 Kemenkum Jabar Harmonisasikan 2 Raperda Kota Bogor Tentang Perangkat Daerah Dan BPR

--

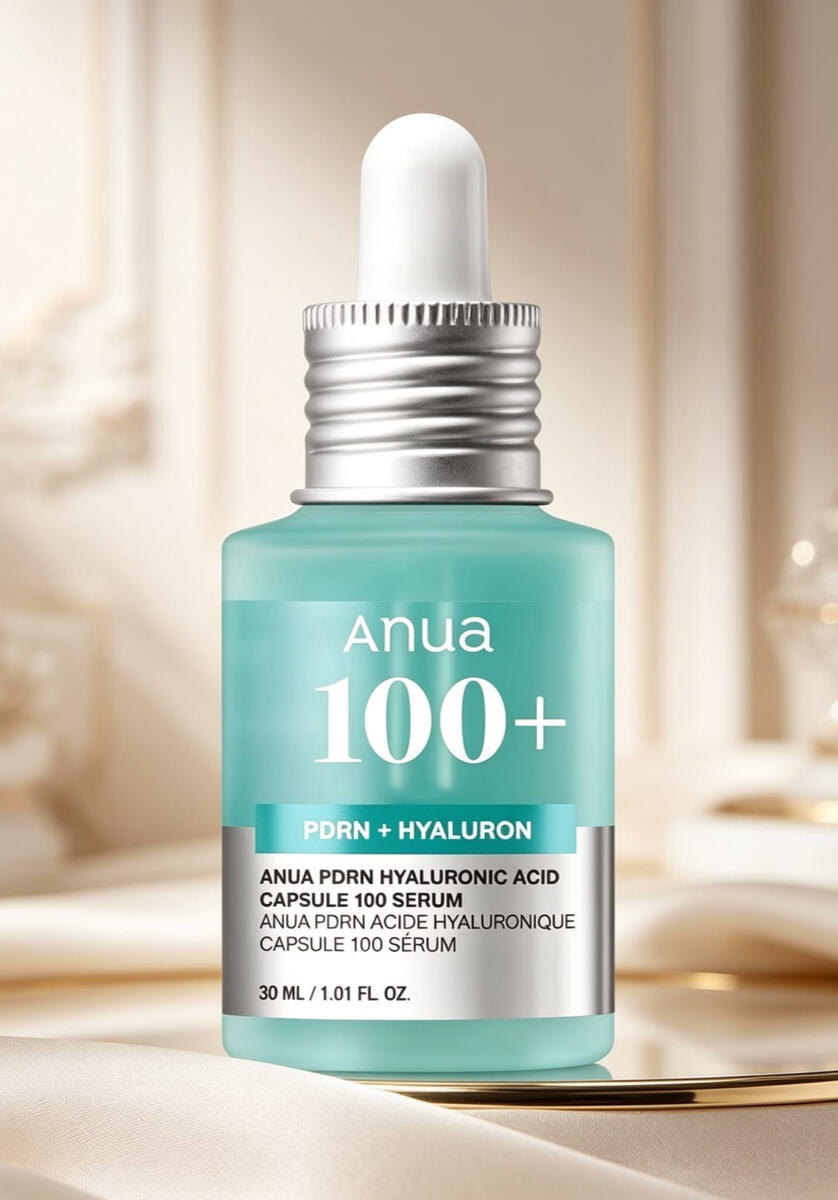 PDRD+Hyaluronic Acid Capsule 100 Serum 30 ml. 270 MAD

...

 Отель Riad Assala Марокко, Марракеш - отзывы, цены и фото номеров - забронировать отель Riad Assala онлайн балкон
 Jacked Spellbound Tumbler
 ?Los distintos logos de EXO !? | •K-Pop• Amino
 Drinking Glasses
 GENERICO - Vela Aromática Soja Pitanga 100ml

▸ WHAT YOU ARE ASKED TO DO: Give again, word for word, every line of the listing above from the one with "EXO !? | •K-Pop• Amino" to the one with "GENERICO - Vela Aromática Soja Pitanga 100ml", both inclusive, and nothing beyond them.

▸ RESULT:
 ?Los distintos logos de EXO !? | •K-Pop• Amino
 Drinking Glasses
 GENERICO - Vela Aromática Soja Pitanga 100ml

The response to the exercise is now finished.